[Given information]:
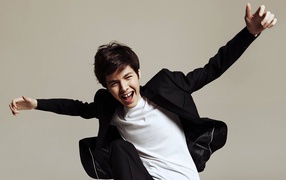 Участник Евровидения 2017 в Киеве от Бельгии Кристиан Костов 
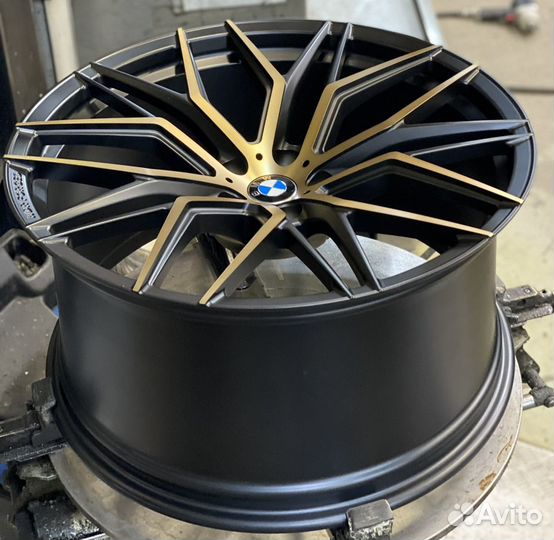 Кованые диски R21 BMW X6 G06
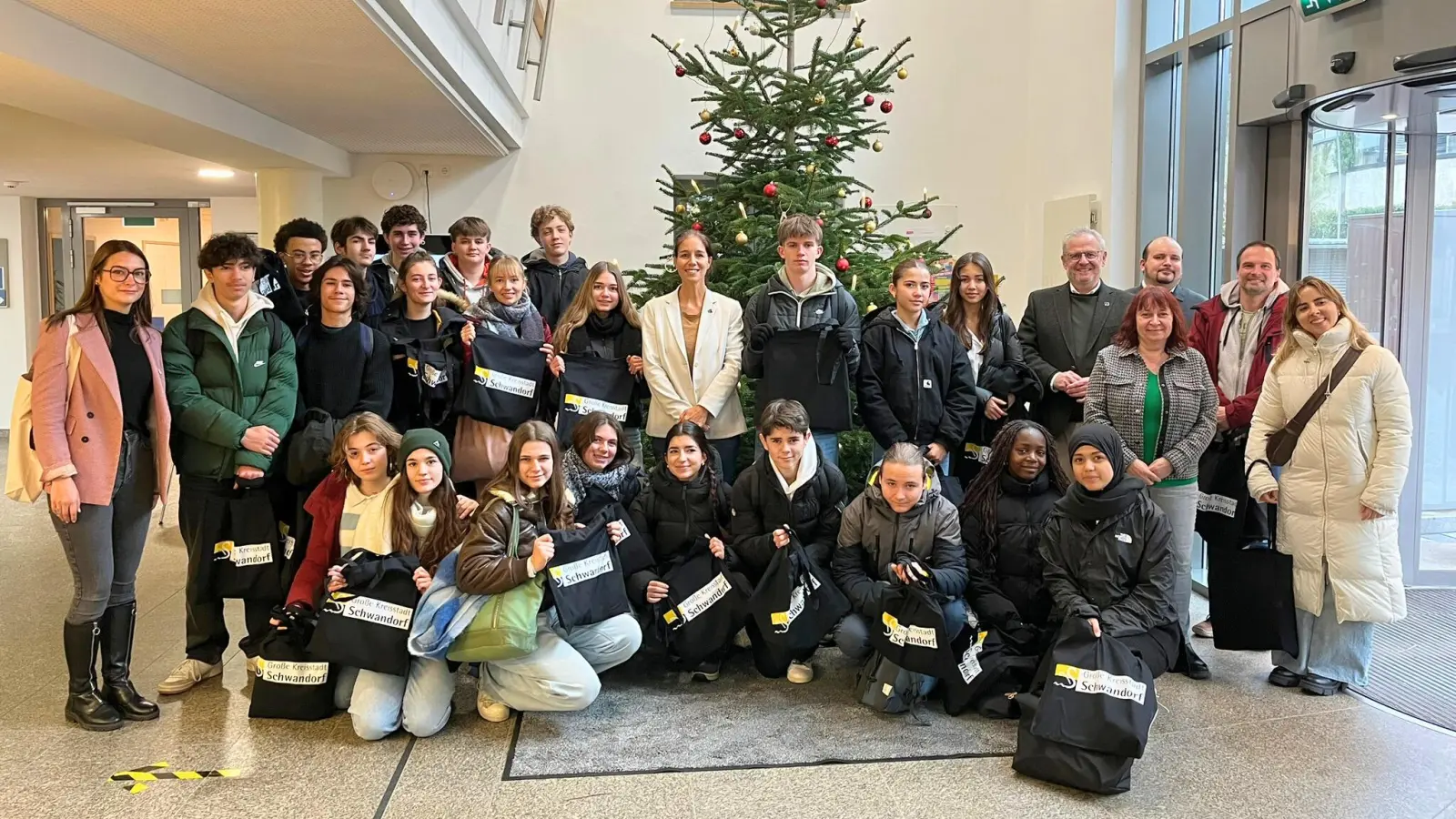 Oberbürgermeister Andreas Feller (5. von rechts) heißte die Schüler aus Libourne im Schwandorfer Rathaus herzlich willkommen. (Bild: Andreas Hofmeister)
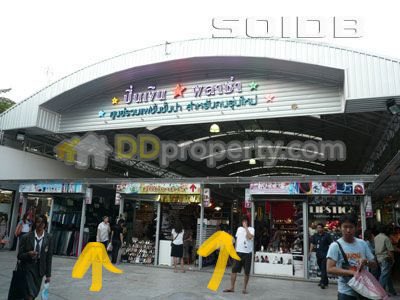 riririnlin's tweet photo. เผื่อใครสงสัยว่าร้านอยู่ตรงไหน อยู่ในโครงการปิ่นเงินพลาซ่า ตรงข้ามเซนทรัลปิ่นเกล้านะคะ ร้านน้องไม่แน่ใจว่าเข้าซอยแรกหรือ 2 เข้าไปแล้วเดินตรงไปเกือบสุดค่ะ🥺 ดักไว้ก่อนว่าที่ถ่ายรูปมาลงไม่ได้มีเจตนาอะไร แค่อยากแชร์ความน่ารักของน้องที่ช่วยคุณแม่ขายของเท่านั้นเลยถ่ายแบบหน้าไม่ตรงมา https://t.co/nijj8c97mn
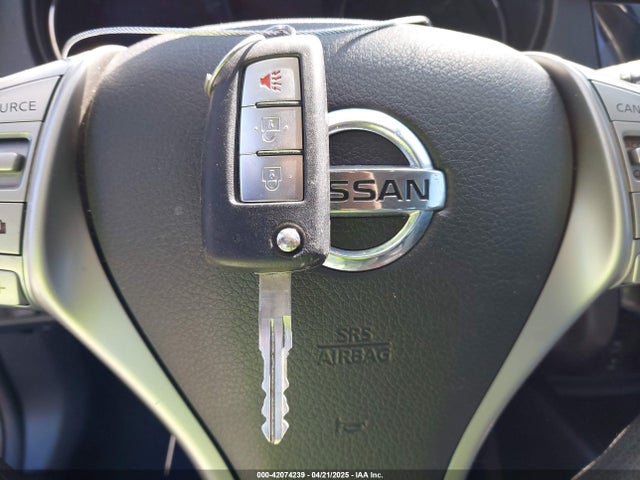 JN8AT2MV6GW153992 Nissan ROGUE S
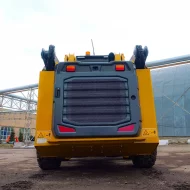 Мини-погрузчик XCMG SV790RU, двигатель Yanmar 4TNV98CT-NTY, грузоподъемность 1,360 т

[What you will do]:
Could you repeat, exactly and with nothing else, the lines from the one containing "Oberbürgermeister Andreas Feller" through the last line of the records above, leaving out the pictures?

[Result of this exercise]:
 Oberbürgermeister Andreas Feller (5. von rechts) heißte die Schüler aus Libourne im Schwandorfer Rathaus herzlich willkommen. (Bild: Andreas Hofmeister)
 riririnlin's tweet photo. เผื่อใครสงสัยว่าร้านอยู่ตรงไหน อยู่ในโครงการปิ่นเงินพลาซ่า ตรงข้ามเซนทรัลปิ่นเกล้านะคะ ร้านน้องไม่แน่ใจว่าเข้าซอยแรกหรือ 2 เข้าไปแล้วเดินตรงไปเกือบสุดค่ะ🥺 ดักไว้ก่อนว่าที่ถ่ายรูปมาลงไม่ได้มีเจตนาอะไร แค่อยากแชร์ความน่ารักของน้องที่ช่วยคุณแม่ขายของเท่านั้นเลยถ่ายแบบหน้าไม่ตรงมา https://t.co/nijj8c97mn
 JN8AT2MV6GW153992 Nissan ROGUE S
 Мини-погрузчик XCMG SV790RU, двигатель Yanmar 4TNV98CT-NTY, грузоподъемность 1,360 т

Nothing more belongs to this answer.